A Fetal Heartbeat bill is an abortion-related legislation that has been brought forward in the United States. According to the bill, abortions will become illegal once the first fetal heartbeat can be detected. The first fetal heartbeat varies from person to person, though is usually detected after the first six weeks of pregnancy.
Although this bill had floated for many years in the country, creating huge divides between the pro-life and the pro-choice communities, the last two years have been observed as crucial for its enactment. The reason being the rising popularity of the anti-abortion movement in the country.

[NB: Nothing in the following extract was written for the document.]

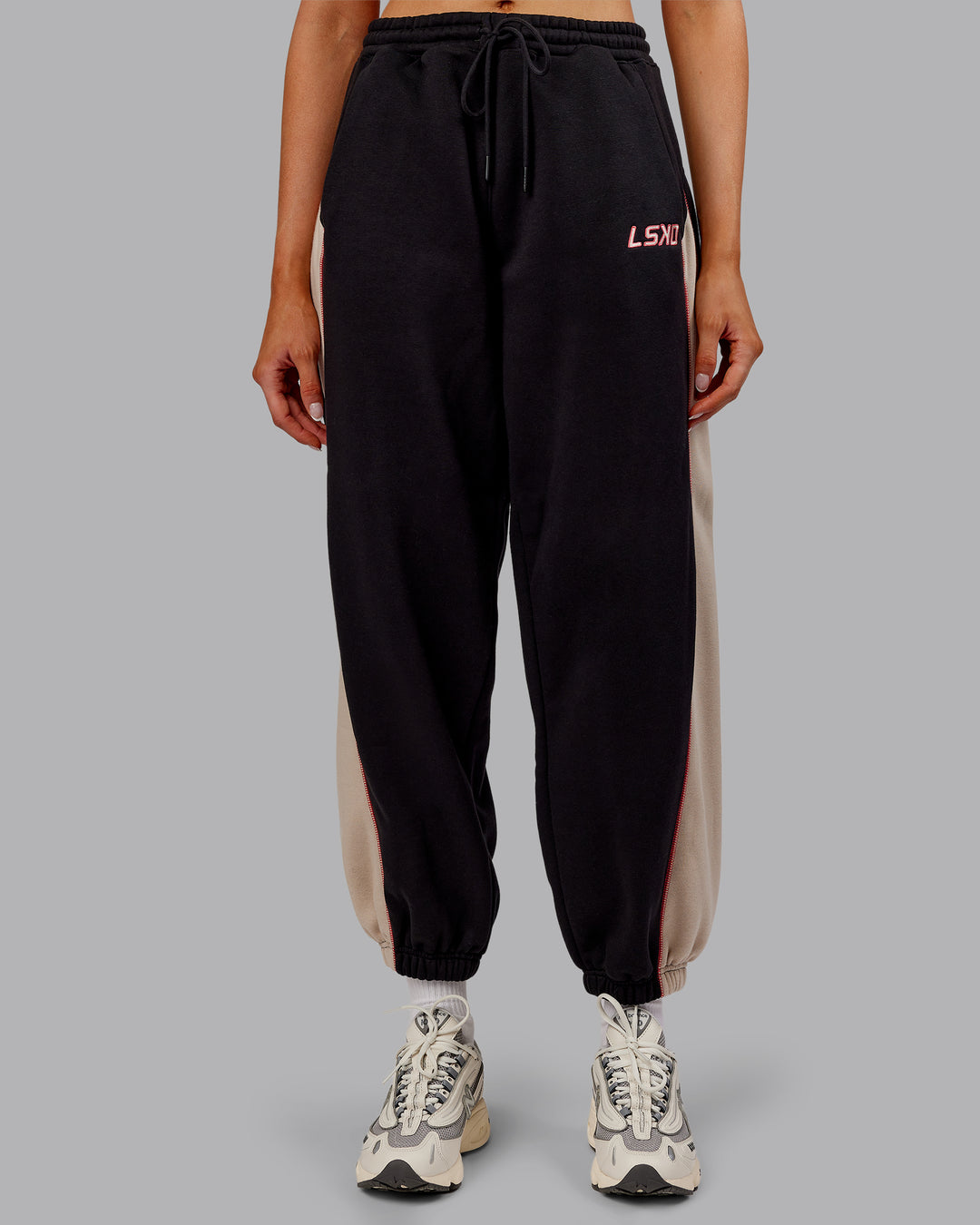 Woman wearing Stitch Up Fleece Sweat Pant - Black/Shale Beige | Model:Ella | Size:S - view 1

The first state to introduce such a bill was Ohio in 2011, but it could not go into effect. In 2019 again, the bill was brought and Governor Mike DeWine signed it into a law. It aimed at making abortion illegal after the detection of the first fetal heartbeat, 6 weeks after pregnancy.
Moreover, the Ohio bill did not provide for an exception in the cases of rape or incest but only if the woman’s life is in danger. Similar bills have been brought forward in the states of Mississippi, Missouri, Kentucky, Louisiana, and Alabama. States like Georgia, Texas, Utah, Arkansas have also brought such bills with the exception of allowing abortion in cases of rape or incest or irreversible impairment to a body part. However, the implementation of these laws is either set to run into effect after August 2021 or is facing legal actions in the courts, thus being kept on hold.
Source – wng.org
The controversy that has engulfed the U.S. is due to the question on the validity of the bill and the viability of fetal life. In 1973, the Supreme Court of the U.S. ruled a verdict in Roe v. Wade that provided right to a woman to choose abortion as an option. The judgement gave life to the concept of ‘viability’, which is defined discretely but on average is between 24 and 28 weeks of pregnancy.
The landmark judgement which shaped the abortion policies of the country for more than 30 years was based on the Right to Privacy clause of the U.S. constitution. The proponents of the bill argue that the 1973 law does not only take away life from a person before he or she is given a chance to be born but is also harmful for women’s reproductive health.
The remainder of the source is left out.